I can provide other details of what's not appearing if that's your preference, but personally I would suggest that you proceed with the deletion algorithm you propose on the bot page and that we resume trying to chase down the source of this problem at some point in the future. The problem seems important to me since users who edit text and re-upload djvu files will have some of their changes appear and some not for no apparent reason. However, this is clearly a difficult and intermittent problem, so a brief break from chasing it may be good for all involved. Let me know if there's any help I can provide on the revised deletion/reloading based on LA2-bot being the most recent updater of the page. Dictioneer (talk) 20:59, 16 May 2015 (UTC)
I'll try to upload the latest text-layer, I need to customise a script first. But trust me, updating the text layer in the djvu file is a viable option if and only if a new OCR-process will be reapplied to the file. All the rest can be done working directly on text files, without bothering changing the djvu. And also dividing header, body and footer is not trivial. If you want to apply this approach in the future, try to stick to this file format to divide the different pages: Note that this is not done to handle the Proofread Page format, so if you want to define headers and footers, try to mark them in the text with a convention that makes it easy to recognise them (e.g. @@HEADER_START@@all the header text@HEADER_END@@ or similar). It will make the rest of the process easier. There is WIP on the bot side to handle this in an easy way in the future.— Mpaa (talk) 21:12, 16 May 2015 (UTC)
One more thing. The advantage is tha once you have the file done, you can apply all the text improvements you want with a text editor, working off-line and using search and replace patterns per file instead of per page. And upload only the final step of all your improvements.— Mpaa (talk) 21:16, 16 May 2015 (UTC)
BTW, your syntax for {{hwe}} is wrong. See Page:Southern_Historical_Society_Papers_volume_35.djvu/86. {{hwe|con|fidence.}} should be {{hwe|fidence.|confidence.}}
Good catch, I've updated my script accordingly. I may start a new topic with questions about the mediawiki link above, but you've given me a huge amount of help already, so I'll let you get back to your own texts for awhile before I bug you again. Thanks so much, and if there's anything I can do for you in return, just let me know. Dictioneer (talk) 22:06, 17 May 2015 (UTC)

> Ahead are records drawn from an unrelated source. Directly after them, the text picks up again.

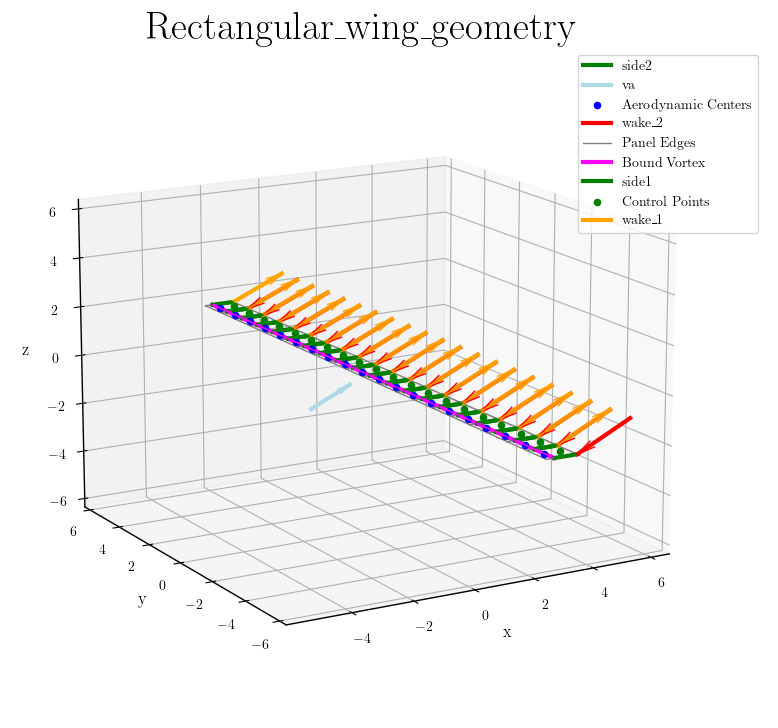 Rectangular Wing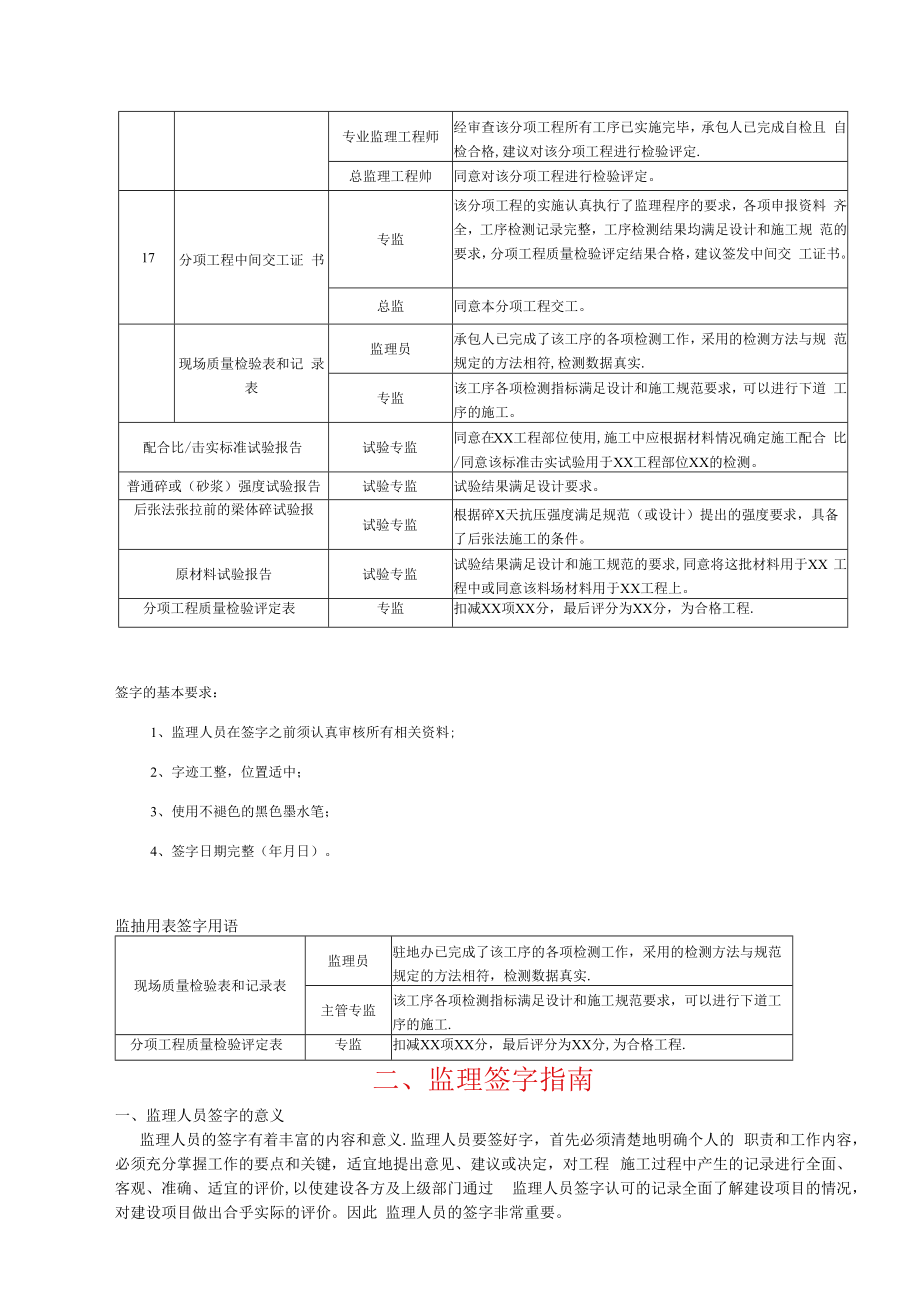 监理签字大全-范本模板.docx_第2页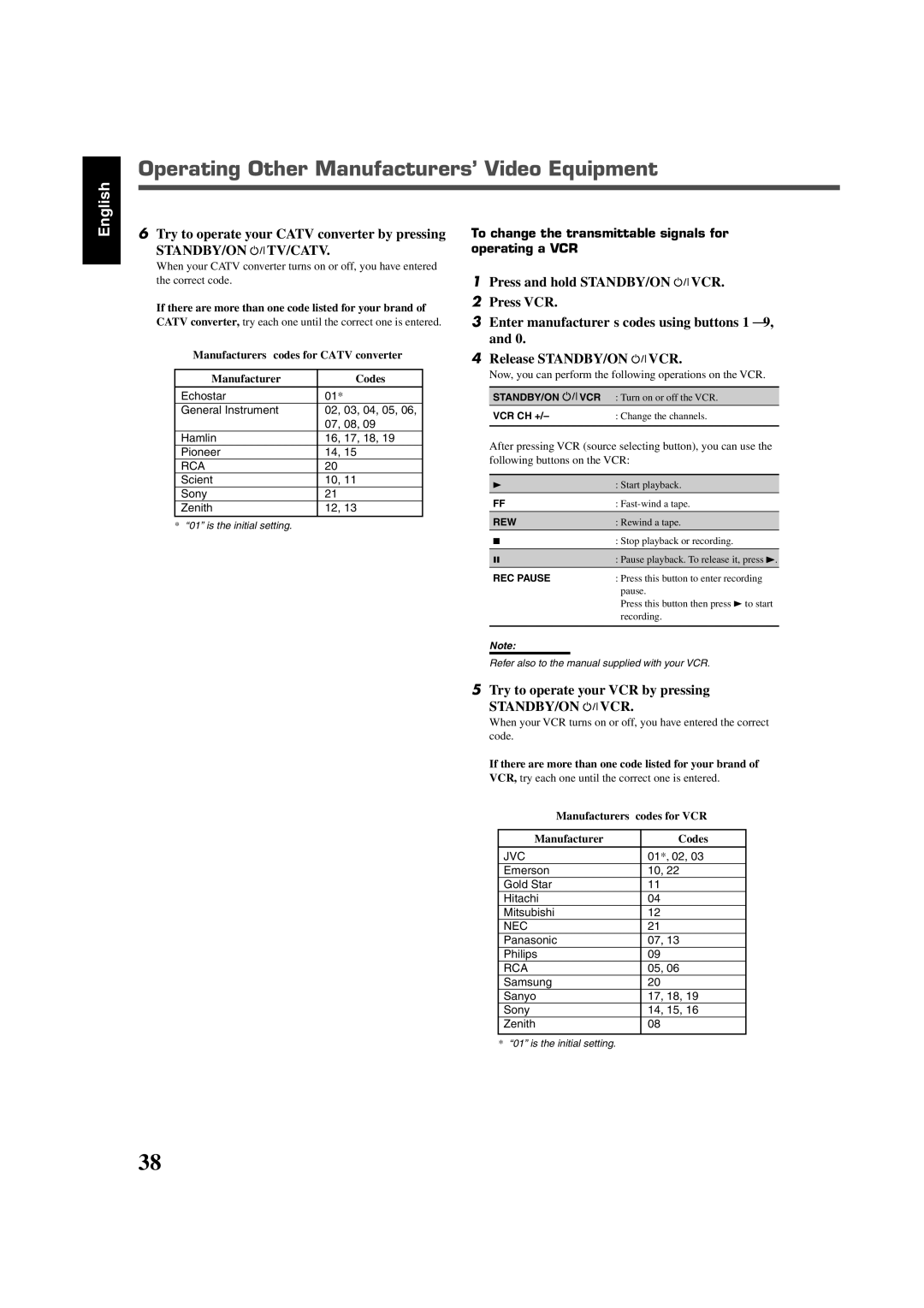 JVC RX-7520VBK manual Operating Other Manufacturers’ Video Equipment, Try to operate your Catv converter by pressing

Have used pywikibot to upload v. 36[edit]

Hi Mpaa, thanks for pointing me at the upload script and the pywikibot ecosystem. After a bit of fumbling (including about 30 reverts -- power tools can be dangerous!:) I've managed to upload Volume 36 of SHSP and I'm pretty happy with the results. Two questions: first, I've produced a "clean" version of the underlying djvu file (no wiki-tags except for cross-page hyphenation), do you think it's worthwhile to upload the file to commons, or do you think the x-page hwe/hws tags are too much formatting as well? If it's still too much formatting, I can write a script to strip them, but am unsure what to change them to: an unhyphenated word at the bottom of the first page, an unhyphenated word at the top of the next page, or go back to how it was. I am happy to follow whatever direction you give on this. Second, should I create a separate bot account for running this script and register it, or is that unnecessary? Thanks in advance for this advice and at the risk of repeating myself, I really appreciate the technical help you've provided. Dictioneer (talk) 13:19, 29 May 2015 (UTC)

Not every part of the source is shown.